Re: JREPL to extract unique values from 16million row file?

Posted: 04 Apr 2021 10:27
by Squashman
Dave's JSORT might be another option for you as well. That would give you all the unique values in the 8th delimited field but would also give you the whole record. But again, you could use a FOR /F to parse the output of JSORT from inside the IN clause.

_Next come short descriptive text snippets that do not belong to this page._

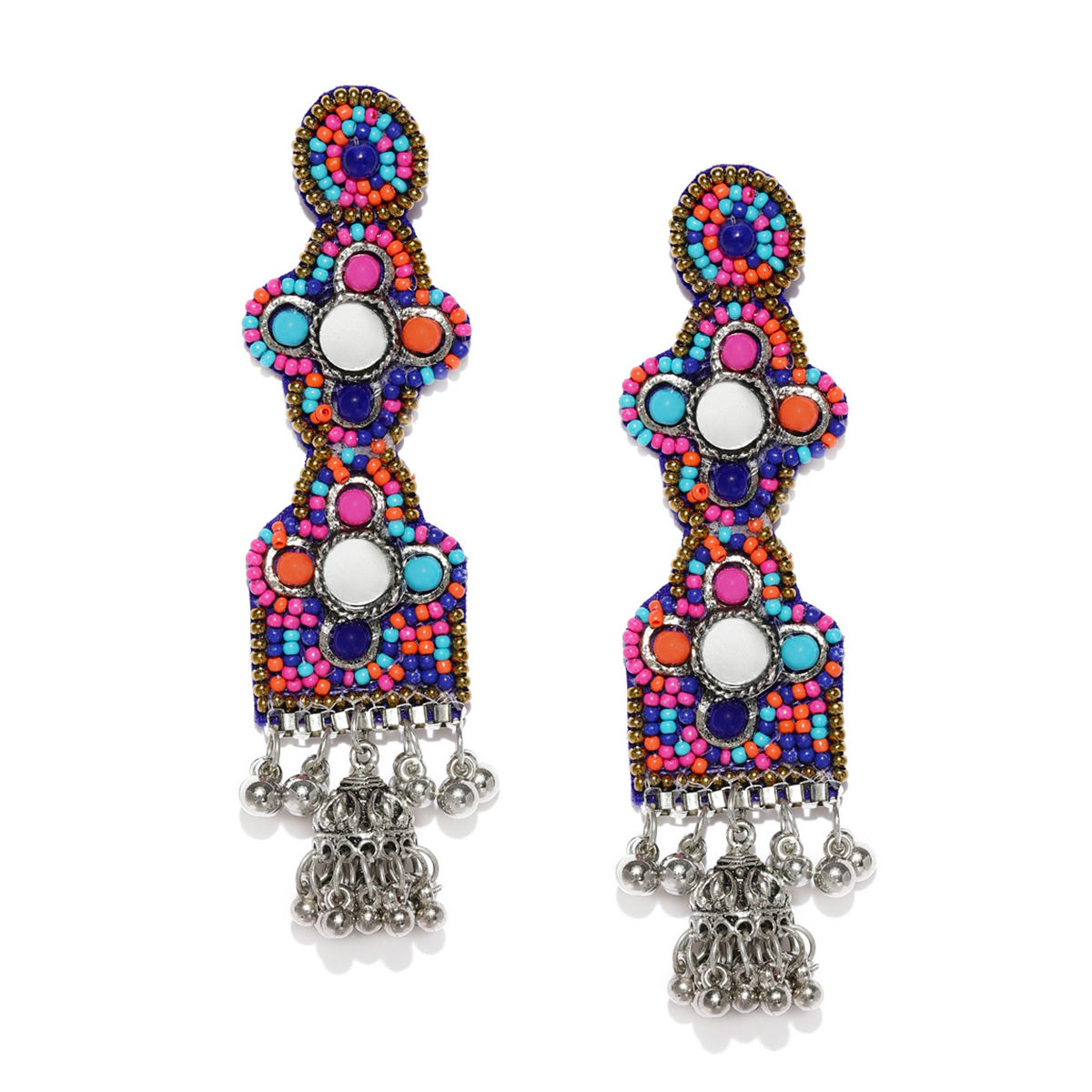 Buy Fida Multicolor Drop Earrings Online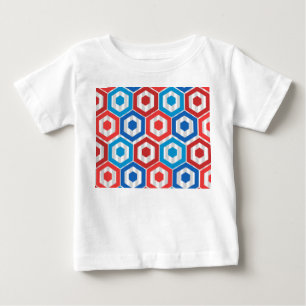 Camiseta Para Bebê 4.o trimestre de 2007, Hexágonos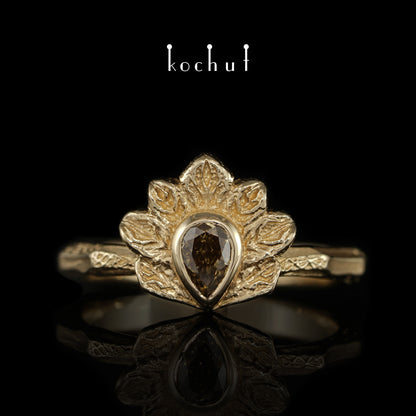 Firebird — Ring aus 18 Karat Gelbgold mit Diamant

Re: JREPL to extract unique values from 16million row file?

Posted: 04 Apr 2021 20:21
by Aacini
Use this code. I think it is the fastest way to get this result:

Code: Select all

@if (@CodeSection == @Batch) @then

@echo off
cscript //nologo //E:jscript "%~F0" < test.txt
goto :EOF

@end

var count = new Array();
while ( ! WScript.Stdin.AtEndOfStream ) {
   var line = WScript.Stdin.ReadLine();
   var column = line.split("\t");
   count[column[7]] = 0;
}

for ( var item in count) {
   WScript.Stdout.WriteLine(item);
}
Antonio

Re: JREPL to extract unique values from 16million row file?

Posted: 08 Apr 2021 02:16
by SIMMS7400
Antonio -

That worked wonderfully!! 16+ millions rows very quickly. Thank you again for this, much appreciated!!